Schwache US-Erzeugerpreise bremsen Fed-Sorgen

Die US-Erzeugerpreise für Juni sanken überraschend um 0,3 Prozent gegenüber dem Vormonat, während Ökonomen mit Stagnation gerechnet hatten. Auf Jahressicht kletterten die Preise um 5,5 Prozent, deutlich weniger als die erwarteten 6,2 Prozent. Die Kernrate ohne Nahrungsmittel und Energie legte um 4,7 Prozent zu, ebenfalls unter der Prognose von 5,1 Prozent. Auch der Verbraucherpreisindex fiel im Juni um 0,4 Prozent zum Vormonat, die Jahresrate sank auf 3,5 Prozent. Nach FXStreet-Daten reduzierten Marktteilnehmer daraufhin ihre Erwartung einer weiteren Fed-Zinserhöhung von 35 auf 22 Basispunkte. Eigentlich ein Umfeld, das Gold stützen sollte – tatsächlich rutschte der Preis am Mittwoch dennoch ab, weil die geopolitische Lage die Aufmerksamkeit auf sich zog.

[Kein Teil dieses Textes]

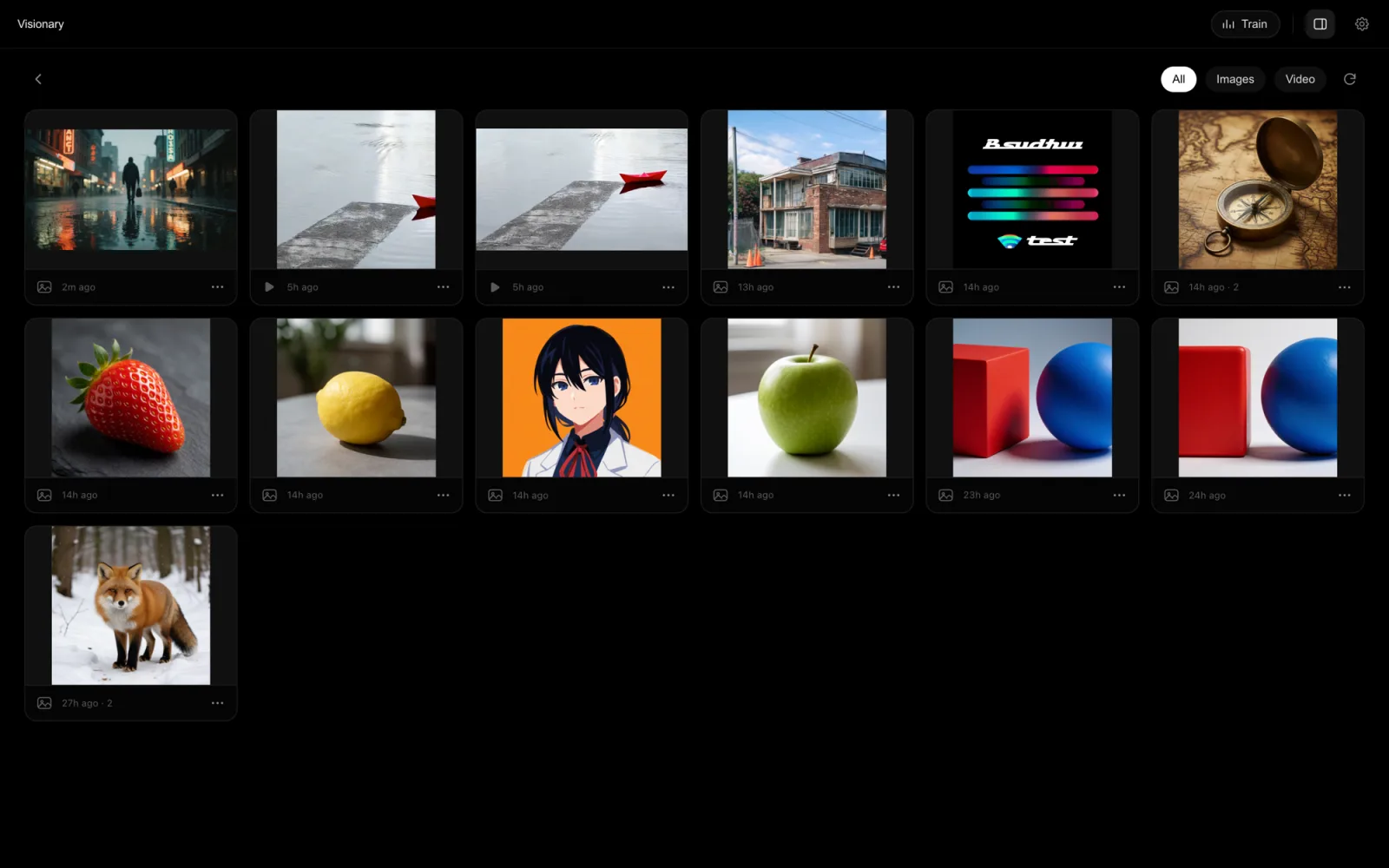 The gallery view: a grid of generated stills and video clips with relative timestamps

Iran-Konflikt treibt Öl, nicht Gold

Die USA starteten am Mittwoch eine zweite Angriffswelle gegen iranische Militäreinrichtungen, gezielt gegen Fähigkeiten Teherans, Handelsschiffe in der Straße von Hormuz zu bedrohen. Die iranische Nachrichtenagentur Mehr meldete Explosionen in Chabahar, Rasht, Bandar Abbas und Ahwaz. In Bahrain heulten erneut die Sirenen, Kuwait fing nach eigenen Angaben vier Marschflugkörper und 21 Drohnen ab. Die Folge: Brent-Rohöl kletterte am Donnerstag den vierten Handelstag in Folge auf 85,28 Dollar, WTI auf 80,02 Dollar. Goldman Sachs hält im vierten Quartal einen Anstieg von Brent auf über 110 Dollar für möglich, sollte sich der Konflikt ausweiten – bei einer Entspannung könnte der Preis dagegen auf 60 Dollar zurückfallen. Steigende Ölpreise nähren Inflationssorgen und stützen damit die Anleiherenditen, was den eigentlich geopolitisch bedingten Sicherheitsbedarf für Gold konterkariert. Zusätzlich belastete eine schwächere Wachstumsmeldung aus China das Edelmetall: Das Bruttoinlandsprodukt legte im zweiten Quartal nur um 4,3 Prozent zu, die langsamste Rate seit 2022, während der BIP-Deflator erstmals seit über drei Jahren wieder positiv ausfiel. Laut BullionVault verlor Gold dadurch binnen einer Woche etwa 1,0 Prozent, Silber sogar 2,5 Prozent.

Notenbanken als Stabilitätsanker

Trotz der kurzfristigen Schwäche bleibt die strukturelle Nachfrageseite intakt. Die chinesische Notenbank PBoC hat ihre Goldkäufe im Juni den 20. Monat in Folge fortgesetzt und dabei die größte monatliche Aufstockung seit zweieinhalb Jahren vorgenommen. Gold hat damit den Euro als zweitgrößte Reservewährung der Weltnotenbanken abgelöst. Im ersten Quartal 2026 kauften Zentralbanken laut Daten von Discovery Alert rund 244 Tonnen, was den viertgrößten Jahresstart seit 1950 markiert. JPMorgan rechnet für den weiteren Jahresverlauf 2026 mit einer institutionellen Nachfrage von etwa 585 Tonnen pro Quartal. Der World Gold Council sieht im Rahmen seines Halbjahresausblicks für die zweite Jahreshälfte ein Kursniveau nahe 4.100 Dollar als realistisch, mit Potenzial für einen Anstieg auf 4.500 bis 5.000 Dollar, sollten sich geopolitische oder wirtschaftliche Risiken weiter verschärfen. Kurzfristig bleibt die Marke von 4.000 Dollar die entscheidende Unterstützung, während charttechnisch Widerstand im Bereich um 4.100 Dollar wartet.